George's untimely death is tragic at so many levels, both personal and professional, and his Facebook page has literally hundreds of wallposts from friends from all over. As a filmmaker he first made his name with the Emmy Award-winning Hearts of Darkness documentary taken from Eleanor Coppola's Apocalypse Now behind the scenes footage, and he was known for The Man from Elysian Fields (directing James Coburn, Anjelica Huston and, for God's sake, Mick Jagger, among others) and Factory Girl (a resonant vision of the 1960's Andy Warhol) along with his extraordinary series of black and white Web videos with major actors in support of the Writer's Strike several years ago.
Casino Jack, which I saw with George by his invitation at a private screening at CAA along with several other excellent filmmakers, is brilliant in being both raucously funny and a reliable telling of a true story, how Jack Abramoff fed the Bush-era GOP with scandalously dirty money. During the screening George would occasionally interject, to our laughter of disbelief, "That really happened." So one tragic aspect of this loss is that he died on the eve of his greatest triumph, an actor's director in an age of special effects directors, and there's no telling what he might have achieved with his new-found cachet.

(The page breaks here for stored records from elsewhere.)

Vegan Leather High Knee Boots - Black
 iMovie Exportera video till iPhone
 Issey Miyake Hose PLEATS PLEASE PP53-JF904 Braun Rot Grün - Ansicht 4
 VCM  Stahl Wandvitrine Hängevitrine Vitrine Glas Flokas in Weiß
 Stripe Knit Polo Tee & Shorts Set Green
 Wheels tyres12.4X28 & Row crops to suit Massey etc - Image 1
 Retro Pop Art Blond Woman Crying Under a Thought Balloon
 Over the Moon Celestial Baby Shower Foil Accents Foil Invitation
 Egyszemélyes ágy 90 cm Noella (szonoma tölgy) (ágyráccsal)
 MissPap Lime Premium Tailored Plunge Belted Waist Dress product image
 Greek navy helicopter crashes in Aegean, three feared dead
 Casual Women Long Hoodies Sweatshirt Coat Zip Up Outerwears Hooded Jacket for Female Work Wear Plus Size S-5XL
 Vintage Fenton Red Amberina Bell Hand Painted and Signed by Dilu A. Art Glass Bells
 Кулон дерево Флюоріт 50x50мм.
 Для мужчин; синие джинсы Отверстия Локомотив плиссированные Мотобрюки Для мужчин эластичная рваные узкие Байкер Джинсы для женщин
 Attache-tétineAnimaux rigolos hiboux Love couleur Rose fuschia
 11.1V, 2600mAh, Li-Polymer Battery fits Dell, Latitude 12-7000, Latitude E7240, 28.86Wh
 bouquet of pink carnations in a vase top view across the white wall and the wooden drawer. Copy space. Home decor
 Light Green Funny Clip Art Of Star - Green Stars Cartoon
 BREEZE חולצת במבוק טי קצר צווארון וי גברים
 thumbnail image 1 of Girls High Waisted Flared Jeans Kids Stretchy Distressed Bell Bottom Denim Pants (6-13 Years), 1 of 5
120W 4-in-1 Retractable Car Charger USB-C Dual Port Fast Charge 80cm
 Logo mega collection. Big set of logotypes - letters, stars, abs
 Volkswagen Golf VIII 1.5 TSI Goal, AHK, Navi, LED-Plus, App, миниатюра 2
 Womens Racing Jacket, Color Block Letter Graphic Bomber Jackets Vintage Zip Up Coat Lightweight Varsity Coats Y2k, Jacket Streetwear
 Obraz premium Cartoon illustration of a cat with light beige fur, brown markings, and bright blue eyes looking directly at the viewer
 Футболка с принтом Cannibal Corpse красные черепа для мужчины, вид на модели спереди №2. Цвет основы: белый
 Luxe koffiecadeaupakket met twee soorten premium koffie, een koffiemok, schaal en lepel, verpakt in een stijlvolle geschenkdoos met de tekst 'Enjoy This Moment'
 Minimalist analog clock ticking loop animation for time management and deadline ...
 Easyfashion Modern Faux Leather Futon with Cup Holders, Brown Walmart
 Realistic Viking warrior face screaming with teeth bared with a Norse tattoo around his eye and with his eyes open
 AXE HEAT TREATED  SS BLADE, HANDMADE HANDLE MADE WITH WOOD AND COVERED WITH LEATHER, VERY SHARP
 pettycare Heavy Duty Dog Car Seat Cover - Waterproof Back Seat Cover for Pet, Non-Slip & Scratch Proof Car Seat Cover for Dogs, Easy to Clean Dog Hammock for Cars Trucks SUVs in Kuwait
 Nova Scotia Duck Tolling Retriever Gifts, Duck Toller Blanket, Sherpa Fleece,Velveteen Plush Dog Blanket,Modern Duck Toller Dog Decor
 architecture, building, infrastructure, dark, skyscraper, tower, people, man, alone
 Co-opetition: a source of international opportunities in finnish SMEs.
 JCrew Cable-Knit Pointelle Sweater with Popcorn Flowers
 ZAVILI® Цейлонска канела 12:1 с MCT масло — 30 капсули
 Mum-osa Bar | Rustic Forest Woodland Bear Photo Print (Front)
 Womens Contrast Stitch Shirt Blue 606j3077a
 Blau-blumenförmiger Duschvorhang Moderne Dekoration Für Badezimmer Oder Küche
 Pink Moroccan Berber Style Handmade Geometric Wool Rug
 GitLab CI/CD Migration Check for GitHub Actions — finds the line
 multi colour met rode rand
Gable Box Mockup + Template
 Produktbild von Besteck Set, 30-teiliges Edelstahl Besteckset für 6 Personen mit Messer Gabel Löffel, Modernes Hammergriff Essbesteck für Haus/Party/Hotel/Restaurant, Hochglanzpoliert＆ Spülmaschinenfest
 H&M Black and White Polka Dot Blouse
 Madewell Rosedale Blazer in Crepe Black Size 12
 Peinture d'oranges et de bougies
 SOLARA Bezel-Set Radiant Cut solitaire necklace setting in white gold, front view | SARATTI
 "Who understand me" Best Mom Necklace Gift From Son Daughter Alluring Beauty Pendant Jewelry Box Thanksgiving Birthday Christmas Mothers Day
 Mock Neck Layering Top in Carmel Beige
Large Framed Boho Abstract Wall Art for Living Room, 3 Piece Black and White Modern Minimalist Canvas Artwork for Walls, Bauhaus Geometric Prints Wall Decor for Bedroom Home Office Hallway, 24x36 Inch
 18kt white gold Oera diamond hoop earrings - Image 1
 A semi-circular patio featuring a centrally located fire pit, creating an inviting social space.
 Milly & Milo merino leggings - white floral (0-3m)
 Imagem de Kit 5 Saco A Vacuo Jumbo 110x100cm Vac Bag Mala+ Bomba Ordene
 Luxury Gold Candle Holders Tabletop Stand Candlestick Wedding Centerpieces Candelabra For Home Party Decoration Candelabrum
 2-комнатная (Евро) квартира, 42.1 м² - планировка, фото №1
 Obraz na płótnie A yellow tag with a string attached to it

It's a personal loss, moreso for friends of mine who have known George longer, but nonetheless as someone who was always engaging, personally solicitous and ever-ready to help with a needed connection or advice. And, of course, the greatest loss of all for his family, particularly his boy.
If you want to know what people who worked with him, received encouragement from him, sparred with him on the Web (where he was a participant in cinematic discussions) or simply knew him from his work or writing, check out these comments on Deadline and Hollywood Elsewhere. And here's George in his own words from Hollywood Elsewhere as well.
Rest in Peace, George. We lost you too soon.